The protester argues, however, that regardless of whether goat/kidskin leather is subject to the exception at DFARS clause 252.225-7012(c), the exception nonetheless applies to goat/kidskins--and therefore also applies to the processing of such goat/kidskins.  The protester contends that this is the plain meaning of the clause, and that the agency’s contrary interpretation is unreasonable. 

Based on our review, we conclude that the language of the clause does not unambiguously provide for such an exception.  In this regard, we note that the clause provides that each end item and component delivered under the contract must be “grown, reprocessed, reused, or produced in the United States,” unless an exception applies.  DFARS clause 252.225-7012(b).  As discussed above, however, the tanning of goat/kidskins is a manufacturing process that results in the production of a new glove component, i.e., goat/kidskin leather.  In fact, once the skins have been tanned, they are more aptly characterized as goat/kidskin leather rather than as goat/kidskins.  The agency therefore interprets the clause’s restriction on foreign manufacturing, as imposing just such a restriction on the manufacture of the leather, even though the clause affords an exception for goat/kidskins in a pre-leather state.  We find this interpretation to be reasonable and, in light of the broad scope of the Berry Amendment and the deference afforded to the agency to implement the Amendment, we find that the agency acted reasonably in determining that this manufacturing step is subject to the Berry Amendment.[3] 

The protester also argues that the interpretation espoused by DLA is inconsistent, because the agency asserts that some processing of goat/kidskins can be performed outside the United States, while arbitrarily prohibiting other types of foreign processing.  In this respect, the solicitation restriction states that goat/kidskin in a pickled state may be used, but restricts further processing of the skins beyond the pickled state.  See RFP amend. 7, at 2.
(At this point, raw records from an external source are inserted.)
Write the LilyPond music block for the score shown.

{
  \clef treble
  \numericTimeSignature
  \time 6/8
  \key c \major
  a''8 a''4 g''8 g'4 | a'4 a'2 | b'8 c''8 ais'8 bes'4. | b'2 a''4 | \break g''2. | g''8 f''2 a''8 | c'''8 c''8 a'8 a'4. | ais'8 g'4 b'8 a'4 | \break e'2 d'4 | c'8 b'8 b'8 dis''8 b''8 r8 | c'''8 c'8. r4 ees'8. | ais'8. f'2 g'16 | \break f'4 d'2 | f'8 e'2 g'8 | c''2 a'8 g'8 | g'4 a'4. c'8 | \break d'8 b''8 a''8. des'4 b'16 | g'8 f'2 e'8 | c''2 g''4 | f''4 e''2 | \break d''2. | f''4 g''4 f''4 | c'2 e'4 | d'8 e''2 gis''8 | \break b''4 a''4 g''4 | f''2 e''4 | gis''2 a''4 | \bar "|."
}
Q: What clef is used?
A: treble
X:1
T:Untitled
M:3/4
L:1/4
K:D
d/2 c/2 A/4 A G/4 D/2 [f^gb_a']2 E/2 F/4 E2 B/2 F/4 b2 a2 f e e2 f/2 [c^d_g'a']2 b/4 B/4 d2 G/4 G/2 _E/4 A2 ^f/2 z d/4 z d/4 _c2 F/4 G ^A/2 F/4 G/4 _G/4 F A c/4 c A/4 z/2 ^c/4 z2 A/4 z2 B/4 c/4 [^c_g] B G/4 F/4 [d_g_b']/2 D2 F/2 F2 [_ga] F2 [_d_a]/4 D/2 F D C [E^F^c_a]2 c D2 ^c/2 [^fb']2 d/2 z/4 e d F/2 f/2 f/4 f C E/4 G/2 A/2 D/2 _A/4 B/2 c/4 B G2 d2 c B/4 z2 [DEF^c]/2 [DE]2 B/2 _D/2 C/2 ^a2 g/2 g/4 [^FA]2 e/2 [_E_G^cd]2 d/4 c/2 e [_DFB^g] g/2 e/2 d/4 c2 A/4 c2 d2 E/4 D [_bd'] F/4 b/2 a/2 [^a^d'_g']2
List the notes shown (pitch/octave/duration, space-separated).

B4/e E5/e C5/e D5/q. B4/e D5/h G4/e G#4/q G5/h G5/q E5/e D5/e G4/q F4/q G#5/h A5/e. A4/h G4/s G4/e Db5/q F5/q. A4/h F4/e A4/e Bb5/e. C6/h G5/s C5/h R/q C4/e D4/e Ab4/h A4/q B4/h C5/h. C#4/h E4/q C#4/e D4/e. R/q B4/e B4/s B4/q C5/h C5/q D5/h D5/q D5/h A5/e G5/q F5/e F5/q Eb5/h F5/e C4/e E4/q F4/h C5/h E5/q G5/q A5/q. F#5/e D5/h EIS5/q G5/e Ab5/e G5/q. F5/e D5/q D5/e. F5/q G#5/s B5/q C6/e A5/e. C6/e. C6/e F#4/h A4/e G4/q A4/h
Based on our review, we conclude that the agency’s implementation of the restriction at issue is consistent and reasonable.  As an initial matter, we note that once the skins undergo tanning, they become leather.  The tanning stage is thus different from earlier processing steps, which were performed on the goat/kidskins, because it can be reasonably characterized as a step in the manufacture of a new component, goat/kidskin leather.  We see nothing inconsistent therefore in the agency applying a domestic restriction to this manufacturing step, but not to earlier processing steps.

Moreover, until the skins have undergone beamhouse processing, which is a set of processes that includes pickling, the skins are not sufficiently stabilized and will generally be unsuitable for transport from overseas.  Requiring beamhouse processing to be performed domestically would therefore generally require that the skins themselves be flayed domestically.  This would have the practical effect of eviscerating the Berry Amendment exception for goat/kidskins.  In light of these considerations, we find that DLA reasonably placed a restriction on foreign tanning, and that this restriction was not inconsistent with its decision to permit certain domestic processing steps needed to stabilize the skins.

The protest is denied.

Thomas H. Armstrong
General Counsel


[1] In the course of that proceeding, Mechanix Wear filed a supplemental protest, which our Office docketed as B-416704.2.

[2] We note that this interpretation is further supported by the treatment of similar items listed at FAR § 25.104(a).  For example, the list includes an exception for “[l]eather, sheepskin, hair type,” which indicates that when an exception was intended to apply to a skin in its leather state, the FAR expressly indicates.

[3] We note that this conclusion is consistent with the purpose of the exception provided at DFARS clause 252.225-7012(c)(1), which exempts items that have been determined to be nonavailable.  The protester has not asserted that domestic tanners are unavailable in sufficient quantity or quality to perform the tanning needed here.